This section presents our approach and how it deals with the challenges that the optimal task assignment for computation offloading poses. Figure 1 depicts an overall view of the process. The approach is divided into the domain engineering and the application engineering. The domain engineering includes the feature models of applications and deployment infrastructures (Challenges 1 and 2). In general terms, feature models represent the information of all possible products (configurations) for a specific family of applications, modeling their features and the relationship between them. Feature models are represented as a set of hierarchically ordered features, composed of parent-child relationships and a set of constraints (called cross-tree constraints). Our approach uses feature models to represent the applications and DIs separately. This separation allow us to reuse the DI feature model for different application families.

The application engineering is concerned with defining applications and DI by selecting and configuring the features they present. The configured (resolved) feature models are given to the Optimal Tasks Assignment Framework (OTAF), which is responsible for: (1) checking if it is possible to deploy the application on the DI; (2) deciding in which node of the DI will be deployed each task of the application; and (3) allocating hardware resources of the nodes to each task. The objective of the OTAF is to provide and assignment that minimizes the global energy consumption, accomplishing the functional and non functional requirements of the application.

These features models are used by the developer to configure both a specific application and the target DI. The configuration of the application’s feature model is mapped with the set of tasks that form the application, which are modeled using task-call graphs [27].

3.1. DIs and AR Applications Features Modeling

Feature model of DIs: The infrastructures where mobile apps are deployed are composed of sets of nodes, which are characterized by: type of device, computing capacity, amount of memory, connectivity, software features, etc. The feature model of DIs (shown on top of Figure 2) collects the characteristics necessary to describe the nodes (addressing Challengue 3). Nodes have a type, a network to which they are connected and, optionally, a serie of sensors and an operating system. The nodes can be of type computing (destined to receive tasks offloaded by other users), user node (where the main task is executed) or sensor mote. Computers, mobile devices, Raspberry type computers and IoT Gateways (routers with processing capacity) that are located on the edge, as well as cloud devices, are computing nodes. The model contains different constraints, which make mandatory selecting a type and a O.S. Finally, it is also mandatory to select the network to which the node is connected. Technical information, such as the RAM, the CPU capacity and the network bandwidth are represented using feature models with numerical attributes. Since a DI can contain one or more similar nodes, we use feature models with cardinality [28]. The cardinality in variability models allows the definition of the number of instances of a feature, in our case, the set of nodes in the DI. It is denoted by an interval $[n\cdots m]$, where n is the minimum number of occurrences of the feature and m is the maximum number.
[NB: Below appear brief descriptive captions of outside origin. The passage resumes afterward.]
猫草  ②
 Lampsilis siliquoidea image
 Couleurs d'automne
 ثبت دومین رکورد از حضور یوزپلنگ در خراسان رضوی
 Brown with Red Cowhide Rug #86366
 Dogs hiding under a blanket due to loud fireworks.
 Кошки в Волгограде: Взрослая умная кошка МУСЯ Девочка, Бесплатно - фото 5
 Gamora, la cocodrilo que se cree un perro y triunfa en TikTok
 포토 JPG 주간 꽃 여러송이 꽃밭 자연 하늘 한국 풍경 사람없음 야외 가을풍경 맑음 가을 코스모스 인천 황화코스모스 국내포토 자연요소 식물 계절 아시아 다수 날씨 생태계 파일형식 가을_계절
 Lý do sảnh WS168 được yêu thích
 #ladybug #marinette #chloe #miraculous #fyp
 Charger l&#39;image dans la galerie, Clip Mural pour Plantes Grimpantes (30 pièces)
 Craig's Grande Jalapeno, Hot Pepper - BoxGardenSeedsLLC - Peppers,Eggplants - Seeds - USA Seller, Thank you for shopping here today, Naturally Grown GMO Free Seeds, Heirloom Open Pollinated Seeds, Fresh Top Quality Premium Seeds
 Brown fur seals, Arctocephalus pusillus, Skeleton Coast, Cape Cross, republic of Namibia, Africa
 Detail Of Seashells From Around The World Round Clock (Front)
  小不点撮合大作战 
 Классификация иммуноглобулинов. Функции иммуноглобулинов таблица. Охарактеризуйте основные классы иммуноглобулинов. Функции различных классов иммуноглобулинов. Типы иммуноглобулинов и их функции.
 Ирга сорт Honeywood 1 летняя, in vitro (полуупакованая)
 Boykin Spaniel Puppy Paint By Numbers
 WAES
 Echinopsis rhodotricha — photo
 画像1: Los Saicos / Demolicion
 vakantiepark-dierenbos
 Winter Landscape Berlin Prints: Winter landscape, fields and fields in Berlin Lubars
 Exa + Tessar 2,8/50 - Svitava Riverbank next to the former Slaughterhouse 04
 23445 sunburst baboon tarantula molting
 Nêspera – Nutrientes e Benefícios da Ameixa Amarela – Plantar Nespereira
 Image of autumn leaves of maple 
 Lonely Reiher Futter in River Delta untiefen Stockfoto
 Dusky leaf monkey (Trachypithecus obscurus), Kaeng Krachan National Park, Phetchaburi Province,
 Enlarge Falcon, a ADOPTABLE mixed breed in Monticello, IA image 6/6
Feature model of the AR family of applications: a family of applications consists of a set of software applications that share most of their features. Feature modeling of a family of applications allows to configure and produce not only a specific application, but a group of them, as well as reuse software components. Feature models include all those characteristics that define the applications and their behavior.On bottom of Figure 2a feature model of the family of AR applications is shown. Augmented reality applications can be grouped by the elements that trigger the amplification of the reality (Augmented Elements in Figure 2). We distinguish AR applications based on location (e.g., Pokémon GO) and based on visual elements (e.g., fiducial markers). AR applications based on location, as their name suggests, enrich the reality according to the position of the devices. The location of the devices can be determined by using sensors or the device’s camera. Sensor based approaches use elements like GPS (for outdoors), WiFi, NFC and beacons signals [29], or a set of them to resolve the location of the devices (e.g., inertial positioning [30] for indoors). The location can be determined using a camera by techniques like SLAM (Simultaneous Location and Mapping) [31], where the information obtained by the camera is used in order to create a map of the user’s environment at runtime, or by the usage of model based techniques [32]. On the other hand, the AR applications based on visual elements trigger the augmented elements according to the current information obtained by the camera. Augmented elements can be artificial, like fiducial markers (e.g., QR codes) and visible light communicators [33], or natural (e.g., Instagram’s filters based on face recognition).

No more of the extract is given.